### SOURCE MATERIAL ###
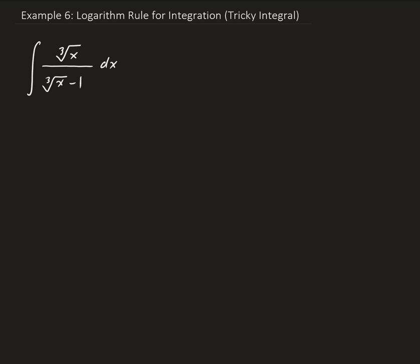In this example, we want to find the integral of the cube root of x, all divided by the cube root of x minus 1.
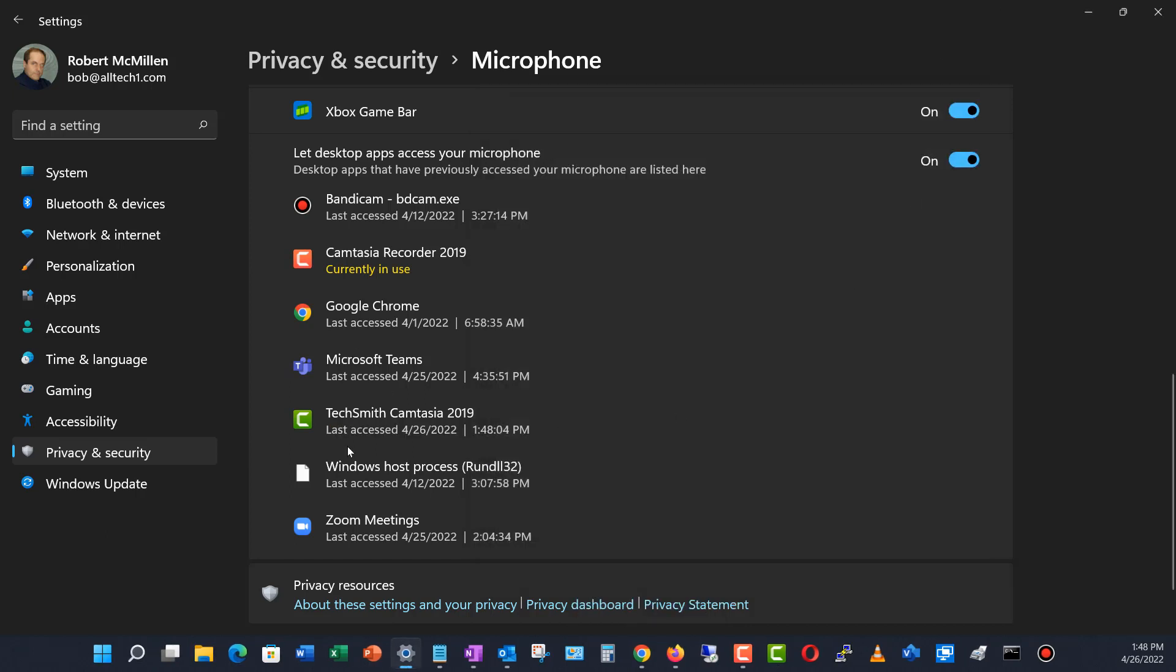And now take a look, it's no longer showing that it's currently in use. So that's how you can tell what applications are listening on your microphone and how to turn them on or off.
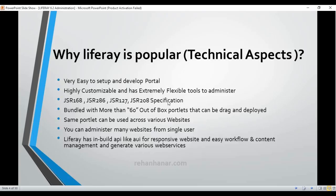Liferay is bundled with more than 60 out-of-the-box portlets. When you install it, those portlets come with it, and with them alone you can develop a complete portal or a normal website. You don't have to install portlets from a store or create new ones — Liferay developers have already created portlets that can be drag-and-dropped and easily used.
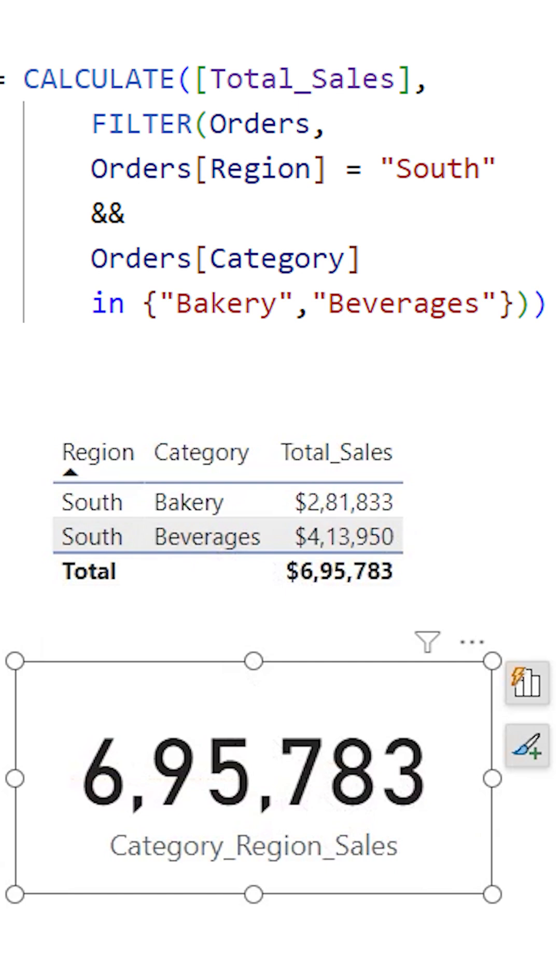And now you can see that we've created a measure to calculate sales for the required category and region.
###
REQUIREMENT: Your copy should start at the line with "And now take", stop at the last line of the listing above, match exactly, and contain no pictures.

FINISHED TASK:
And now take a look, it's no longer showing that it's currently in use. So that's how you can tell what applications are listening on your microphone and how to turn them on or off.
Liferay is bundled with more than 60 out-of-the-box portlets. When you install it, those portlets come with it, and with them alone you can develop a complete portal or a normal website. You don't have to install portlets from a store or create new ones — Liferay developers have already created portlets that can be drag-and-dropped and easily used.
And now you can see that we've created a measure to calculate sales for the required category and region.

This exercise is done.